Menurut Salim, Perppu Ormas yang telah disahkan menjadi UU itu bisa menyasar di kalangan aktivis mahasiswa.

“Kalangan mahasiswa biasa membentuk kelompok diskusi dan bisa dibubarkan kegiatannya karena dianggap tidak sesuai dengan UU tersebut. Ini sangat berbahaya bagi demokrasi di Indonesia,” ungkap Salim.

Menurut Salim, pasca disahkan Perppu Ormas maka akan muncul tuduhan sebagai kelompok radikal yang mengkritisi pemerintah. “Dan itu sudah terlihat di beberapa kampus.
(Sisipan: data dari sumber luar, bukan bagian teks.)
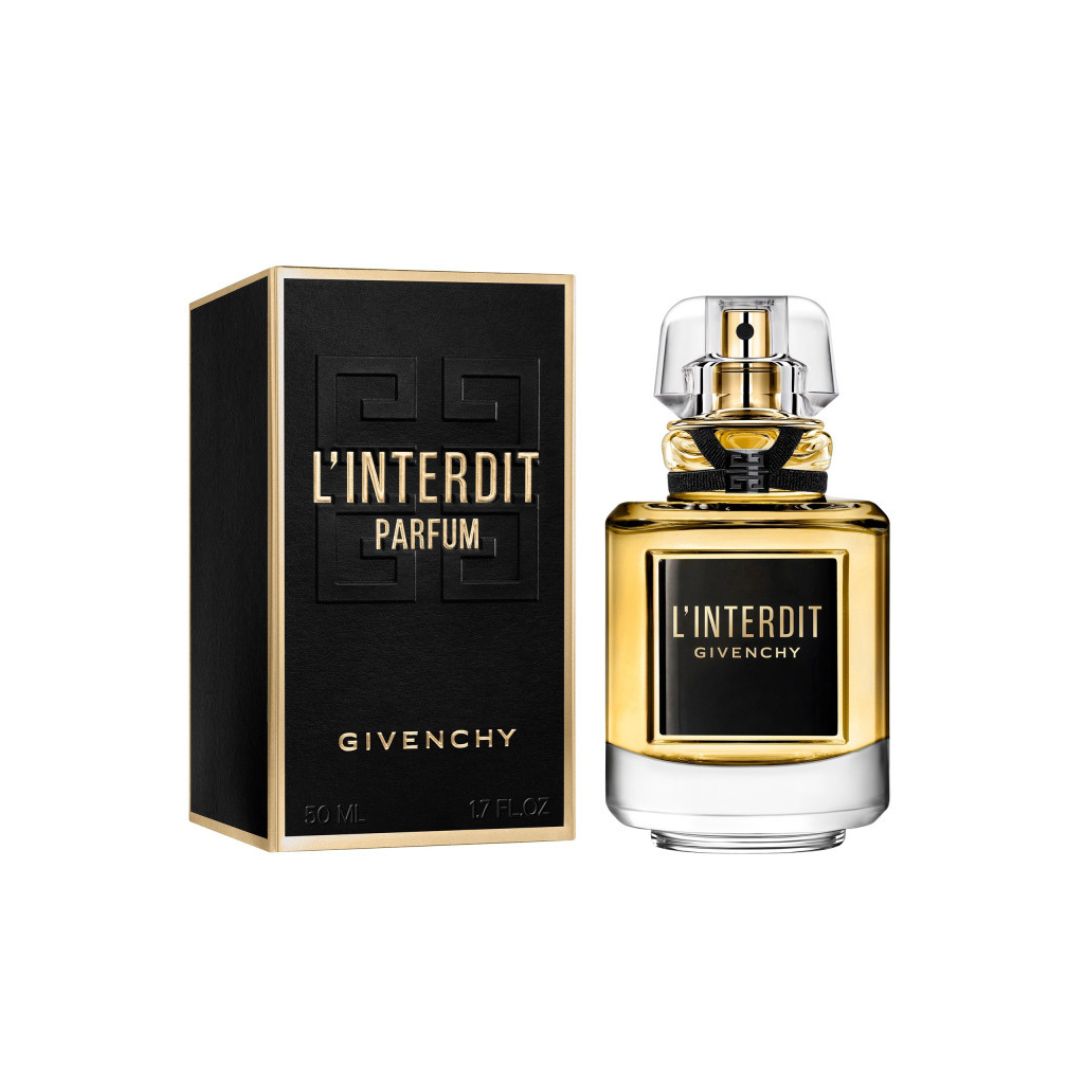 A sleek, clear glass bottle of Givenchy L’Interdit Parfum, showcasing the amber liquid and suggesting a rich, opulent floral-oriental scent.
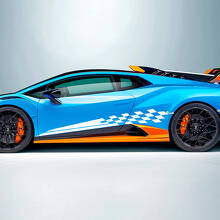 Calcomanía de vinilo con gráfico de bandera a cuadros en el lateral 3 para Lamborghini STO 2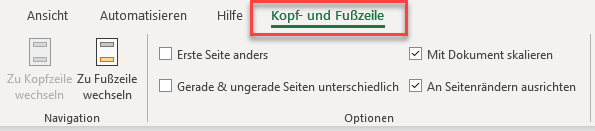 Registerkarte Kopf und Fusszeile in Excel oeffnen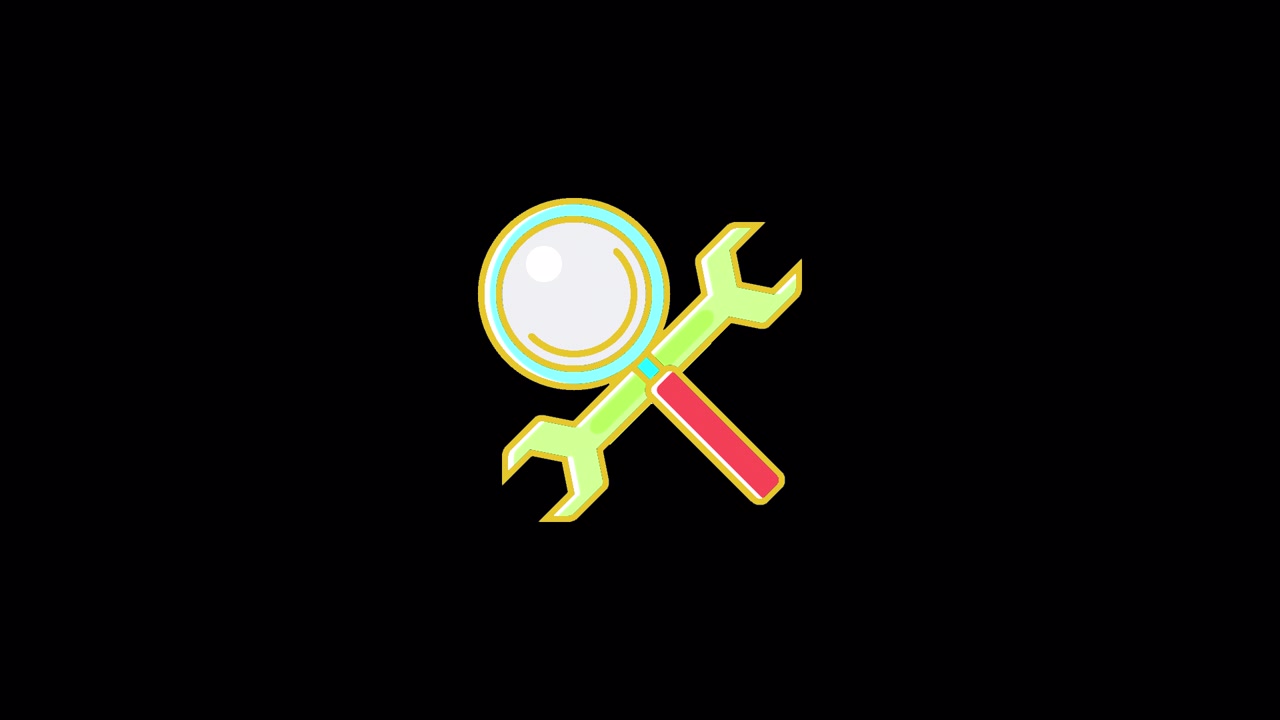 Animated Magnifying Glass and Wrench Icon on Black Background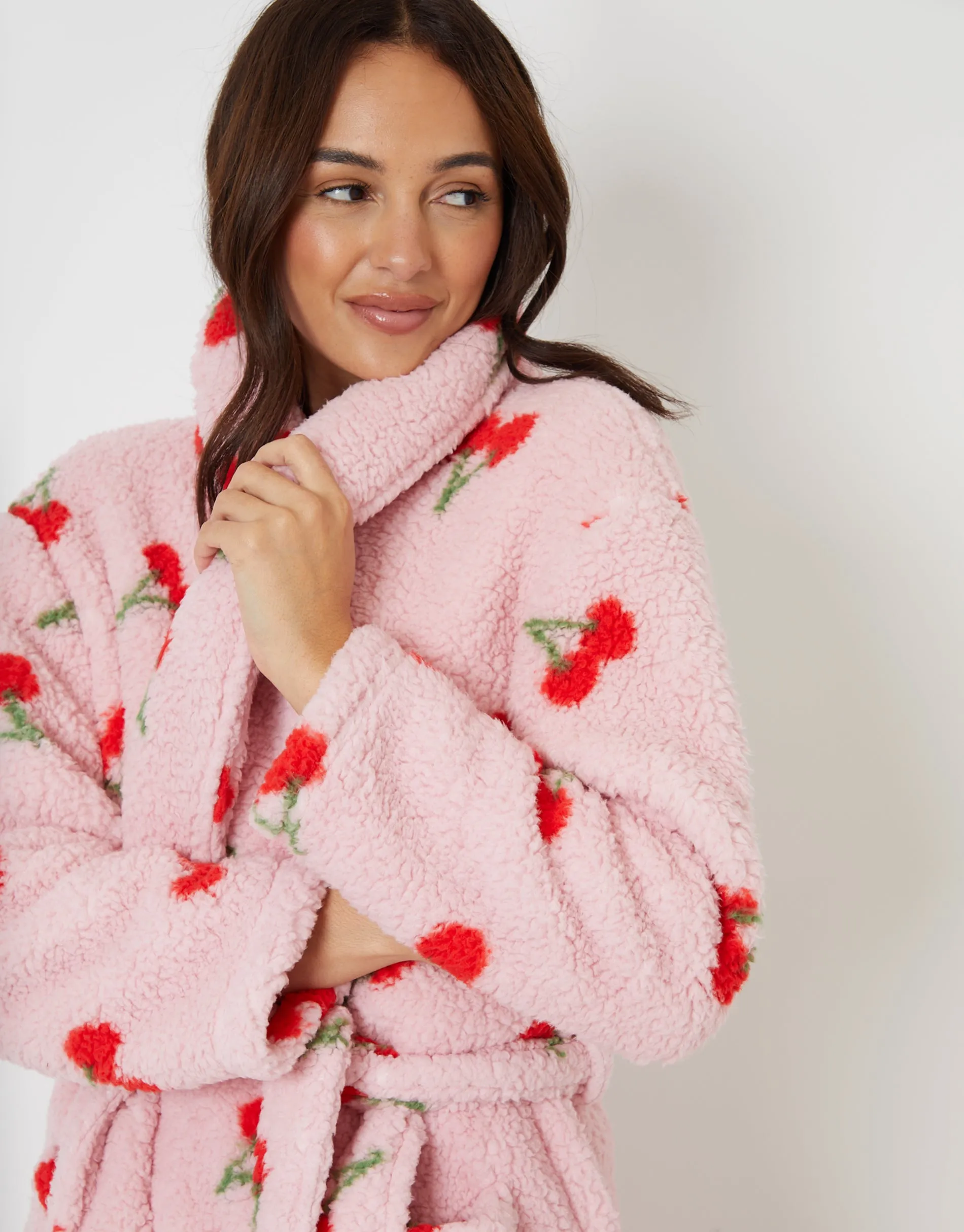 Pink Cherry Print Borg Dressing Gown sold by Threadbare product image thumbnail 5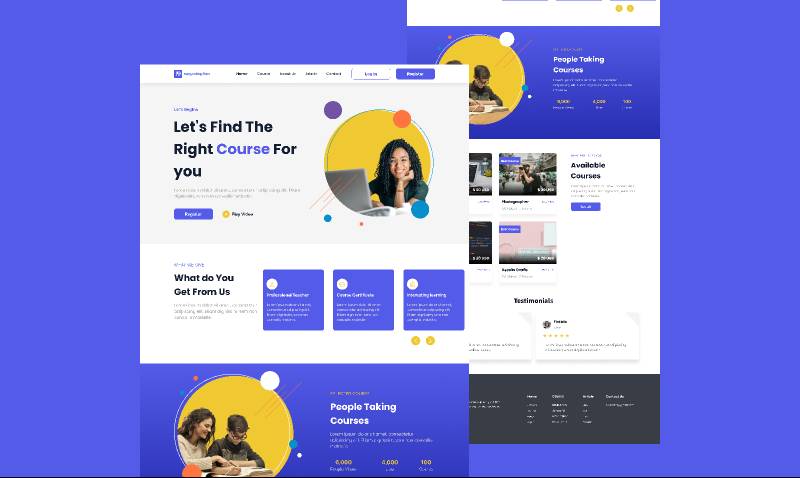 Course Simple landing page figma template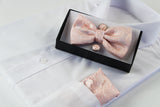 Mens Pastel Pink Paisley Matching Bow Tie, Pocket Square & Cuff Links Set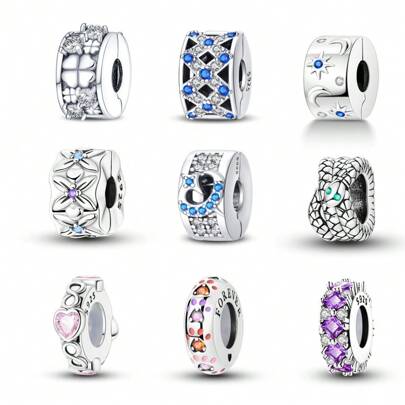 1 pezzo Fermaglio fisso in argento sterling 925 a tema notte stellata, fermaglio a quadrifoglio, fermaglio con pietre, fermaglio con griglia e pietre, fermaglio fisso con fiore a cuore vintage blu e viola, perla a forma di serpente, perla a simbolo dell'infinito a cuore, fermaglio fisso con artigli stampati in zirconia colorata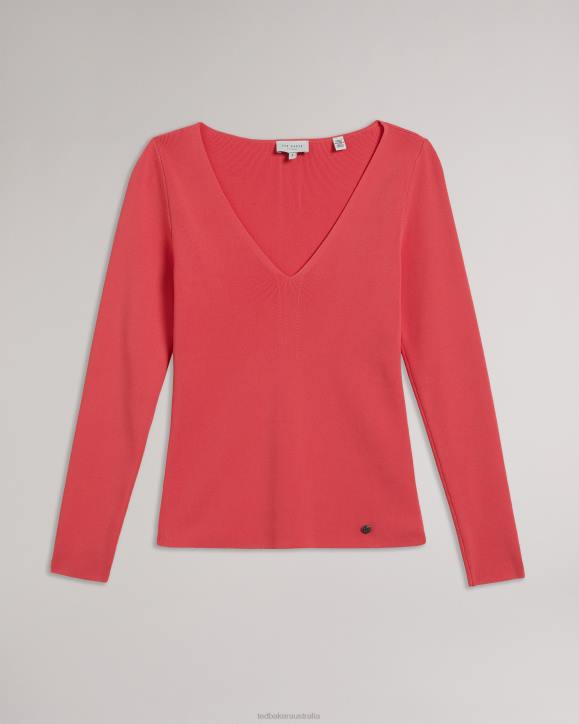 Ted Baker Cileste V Neck Slim Fit Knit Top Coral Clothing Women TLPL49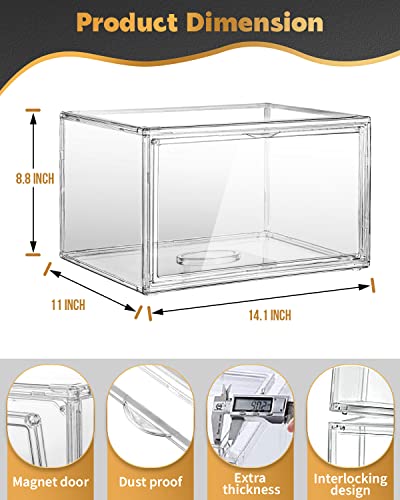 Football Display Case Full Size, Clear Acrylic Football Case Display Case with Magnetic Door and UV Protection, Professional Grade Stackable Football Display Box - 1 Pack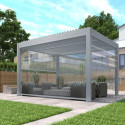 Store coulissant latéral gris clair 370cm pour pergola bioclimatique en aluminium X-METAL
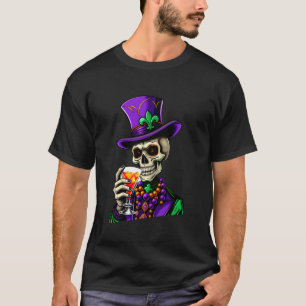 Camiseta Vibrante Mardi Gras 2024 Cor Skull Bebendo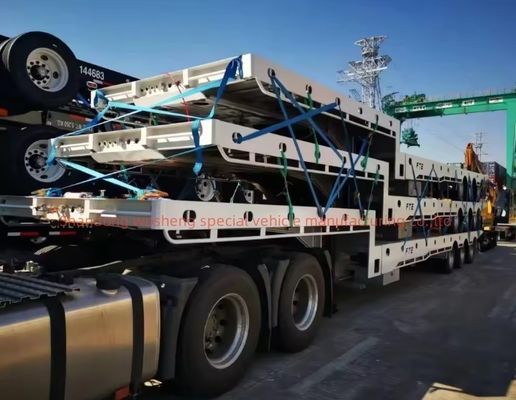 Container a letto basso Cassetto caricatore Lowboy Semi-remorco per il trasporto di merci pesanti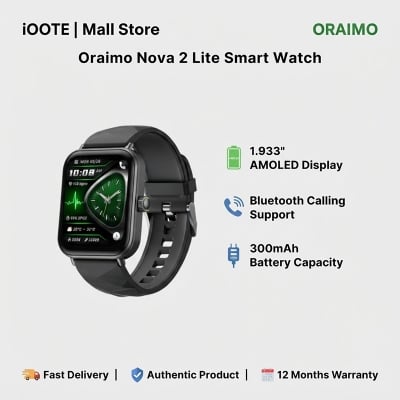 Picture of Oraimo Nova 2 Lite Smart Watch (OSW-814L) | 12 Months Warranty - Black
Saya dengar kampus UIN Jakarta diskusi dibubarkan,” jelas Salim.

Selain itu, ia mengatakan, UU ini menyasar kelompok Islam politik khususnya yang sangat kritis terhadap Rezim Jokowi. “UU Ini sebagai alat untuk mempertahankan Jokowi dua periode. Siapa saja yang melawan digebuk, jadi tersangka dan masuk penjara,” pungkas tahanan politik era Soeharto ini.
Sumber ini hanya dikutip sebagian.